The mathematical models development. The usage of the information theory methods under the approximation of the multi-measures densities distributions of observations
Keywords:information systems, gauss random processes, multi-measure distributions, information quantity measures (Fisher, Shennon, Kulback-Leibrer et sed), single-measure and multi-measures models of signals
Under the decisions of the huge quantity of problems in the different scientifical and technical branchs the used signals are described by models, which must be adequate to real signals. The well-known models are based on the Gauss random processes. However in the real information systems the signals have non-gaussian character and they have to be described by the non-gaussian distributions of momentary values. In this work it is given the analysis of the wide-spread information quantity measures, introduced by Fisher, Shennon, Kulback and Liebrer. Under the mathematical hypothesises verification the similarity criterion was used as the most informative. The Kulback results have the limitations and shortcomings, consist in the single-measure quantities usage and the non-evident presentation of the searched density distribution, what produces the difficulties under these results analysis and usage.

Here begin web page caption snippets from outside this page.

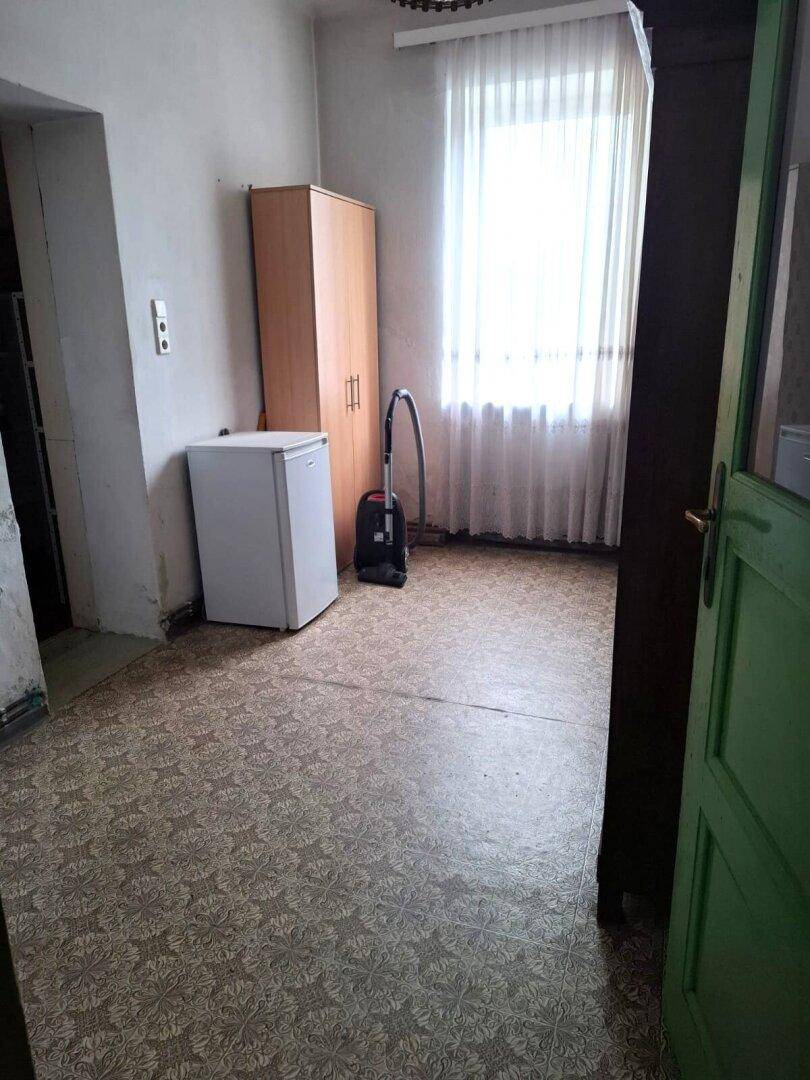 Nutzraum mit Vinylboden, einem Kühlschrank, Staubsauger und einem Kleiderschrank für zusätzlichen Stauraum.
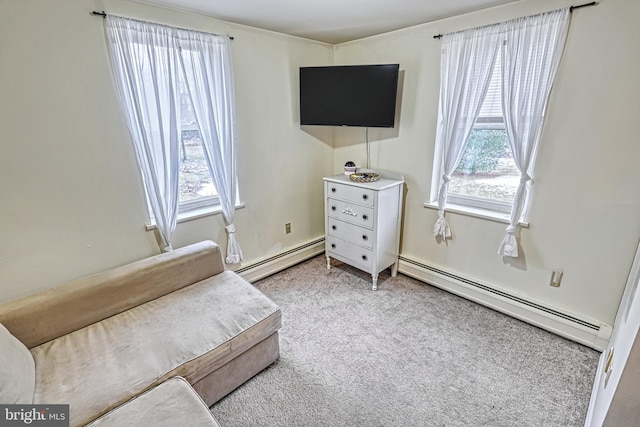 living area featuring a baseboard radiator, a healthy amount of sunlight, and light colored carpet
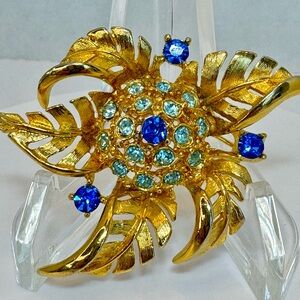 Vintage Gold-Tone Floral Brooch with Blue and Aqua Crystals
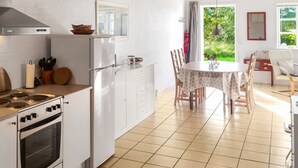 Eine moderne Küche mit weißen Schränken, einem eingebauten Ofen und einem Essbereich mit rundem Tisch und Stühlen.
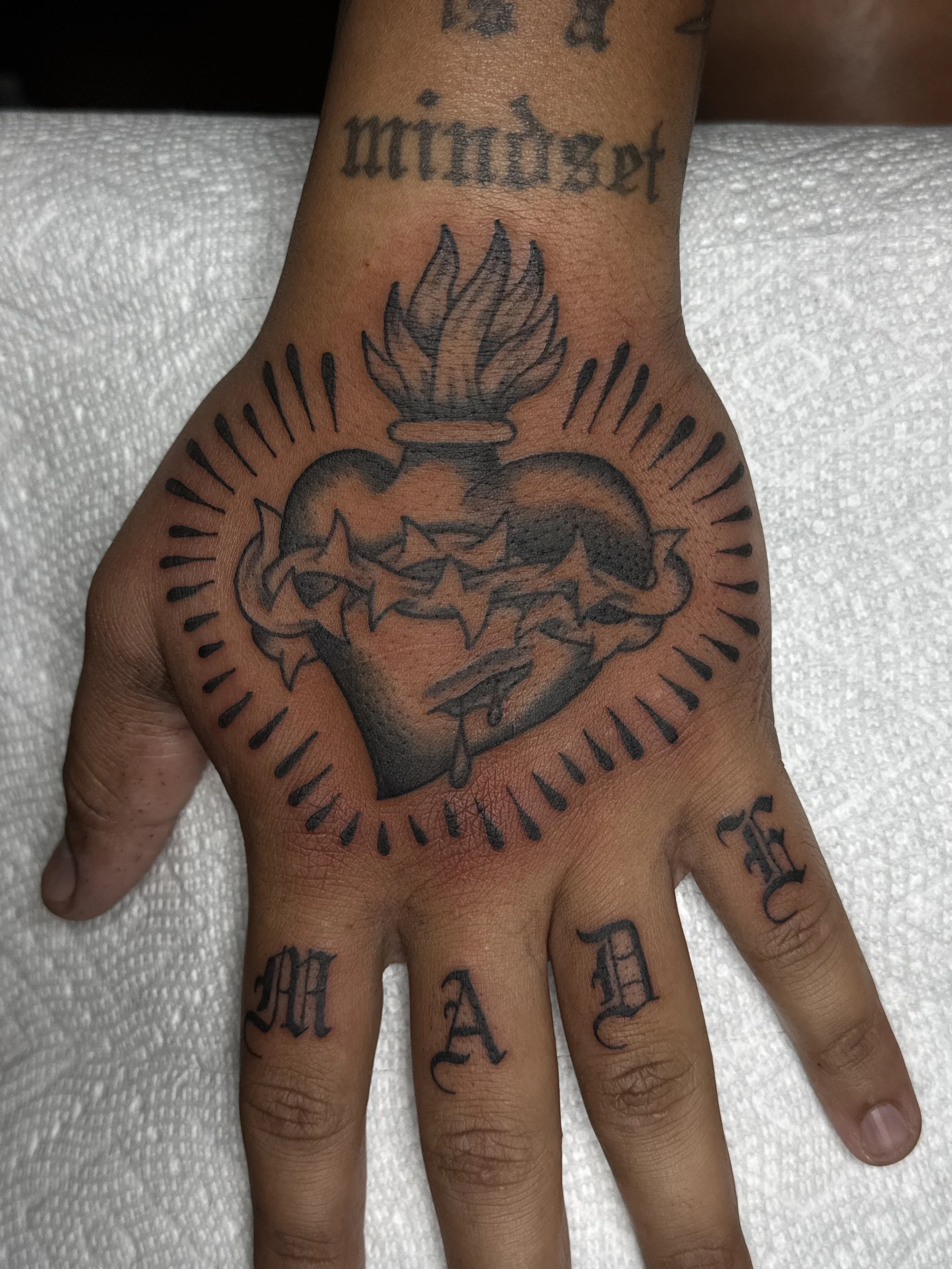 Tattoo artist Mel Gonzales, @theemelodic American Traditional black and gray sacred heart tattoo on the hand at Dame of the West Tattoo in Scottsdale, Arizona.
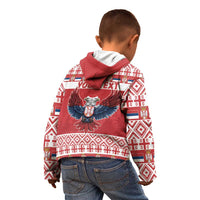 Kids red hoodie back view with hood, eagle emblem, and holiday pattern panel.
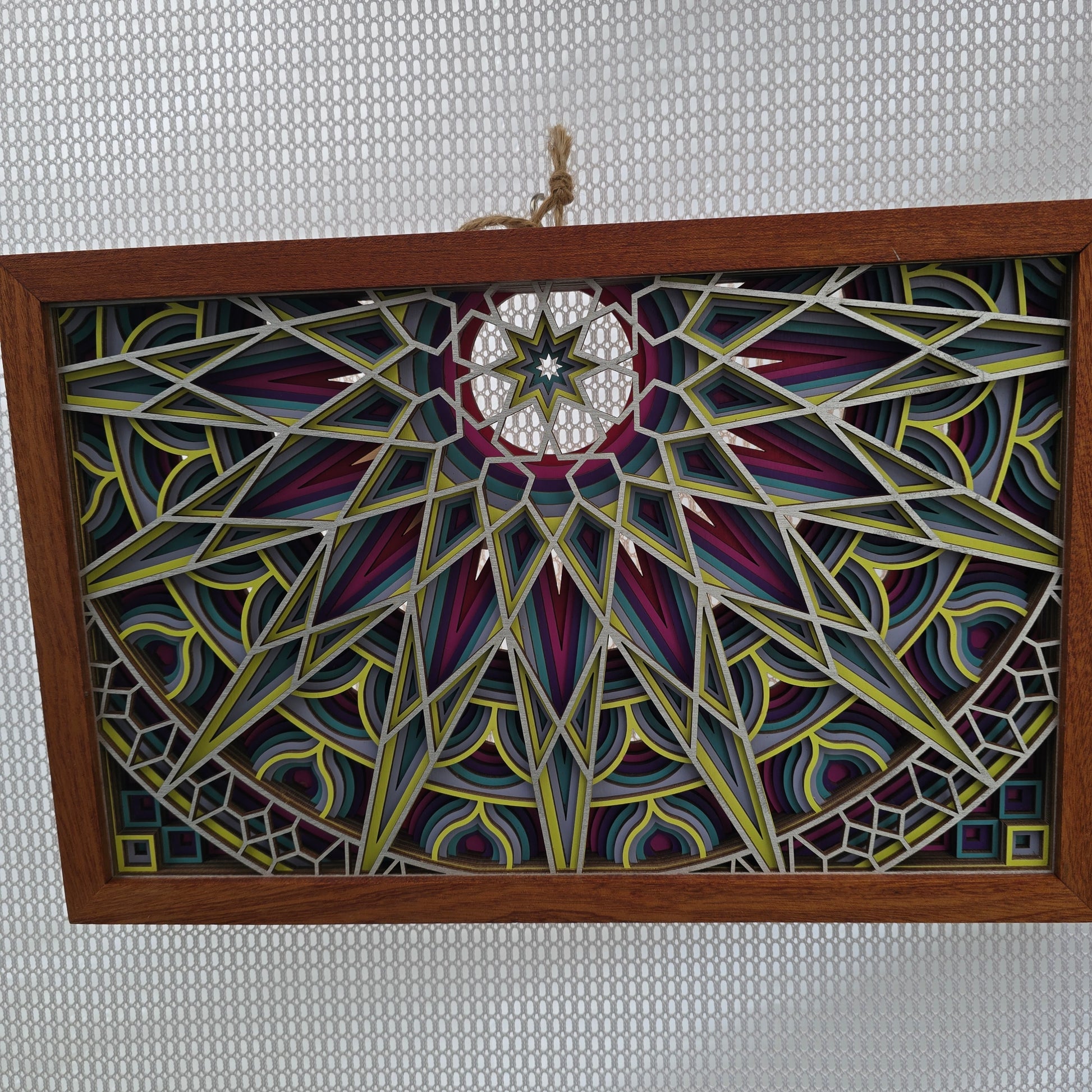 Decorative painted panel with geometric patterns in a wooden frame on a textured gray background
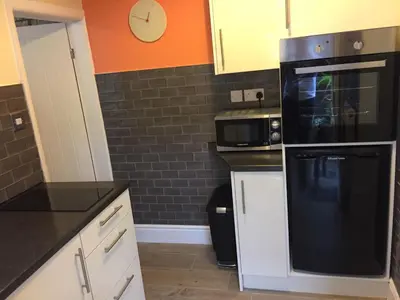 a kitchen with a black refrigerator and a clock on the wall at Cosy Apartment in Private Courtyard in Preston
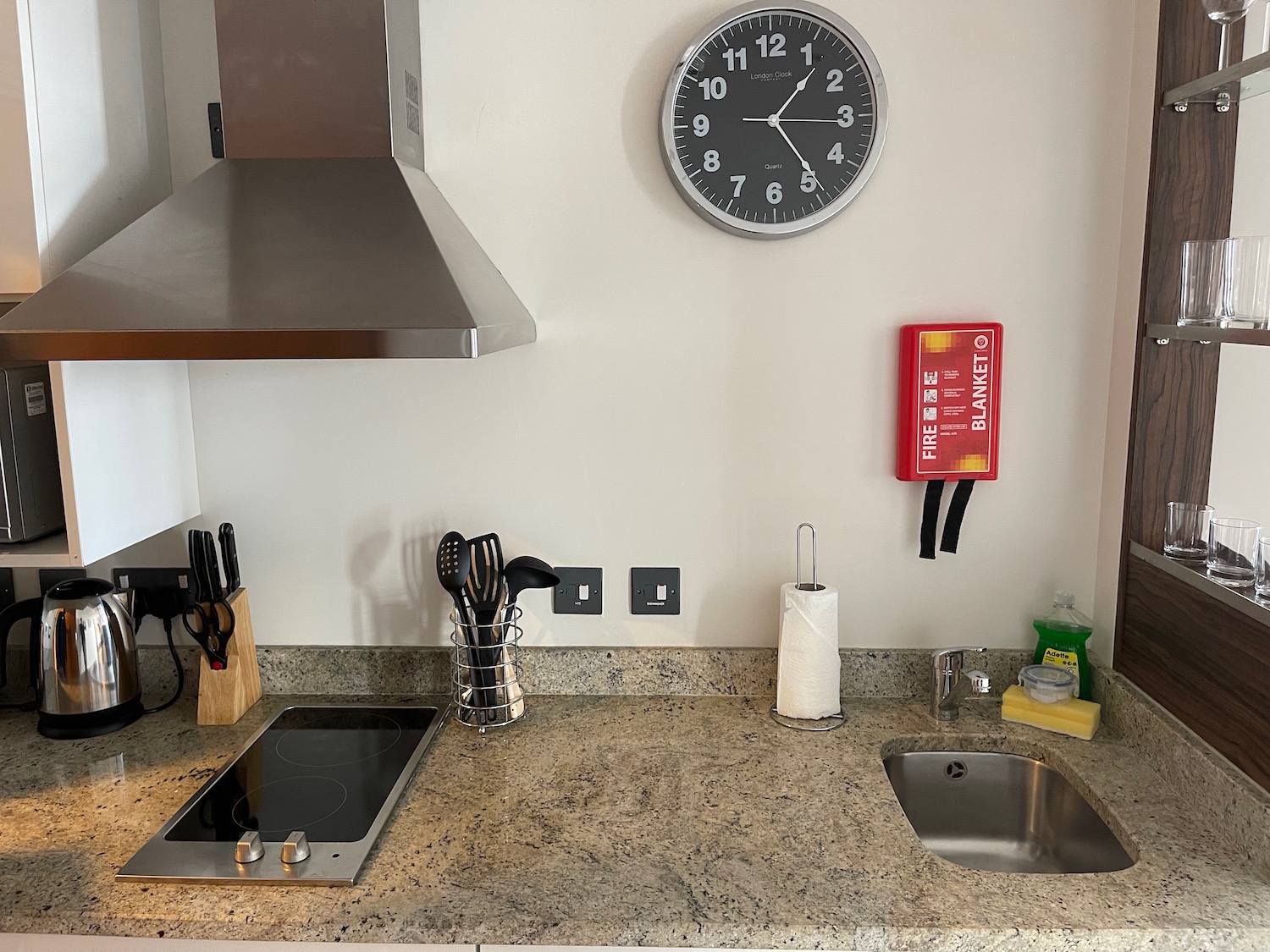 a kitchen counter with a clock on the wall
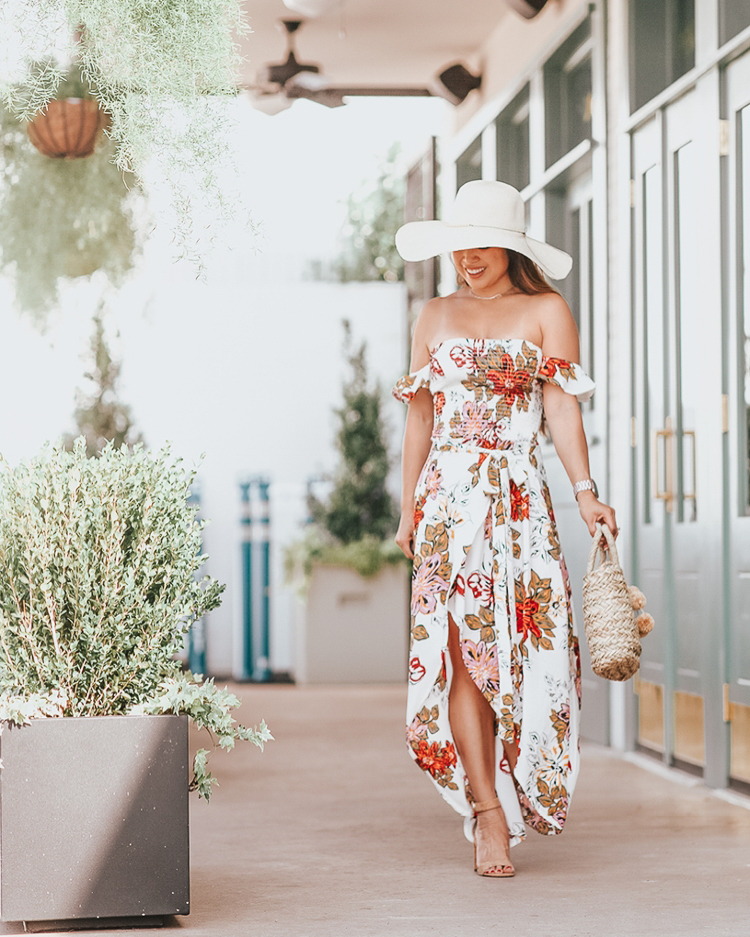 cute & little blog | popular dallas petite fashion blog | walmart we dress america summer outfit | floral off-shoulder maxi dress, wide straw floppy hat, straw pom pom tote bag | beach vacation outfit | 3 Summer Trends you Need to Try this Season featured by top US petite fashion blog, cute & little: image of a woman wearing a New Look maxi floral dress, Eliza May Rose straw sunhat, Eliza May Rose mini tote, TrendsBlue necklace, Report Ankle High Heels, Fitbit and Versa Smartwatch.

The work includes the investigations, carried out on the base of the Lagrange factors methods and eliminate by some degree the above mentioned limitations and shortcomings. The known results for the single-measure distributions were generalized and thus the new results were obtained in relation to the multi-measure case.
Кульбак С. Теория информации и статистика. — М: Наука, 1967 — 408с.
Рао С. Р. Линейные статистические методы и их применения. — М.: Наука, 1968 — 578с.
Тихонов В. И., Харисов В. Н. Статистический анализ и синтез радиотехнических устройств и систем. — М: «Радио и связь», 1981.
Прокофьев В. П. Модели сигналов и поиск, используемые в традиционных задачах загоризонтного обнаружения. // Радиоэлектроника, информатика, управление. — 2004. — №1.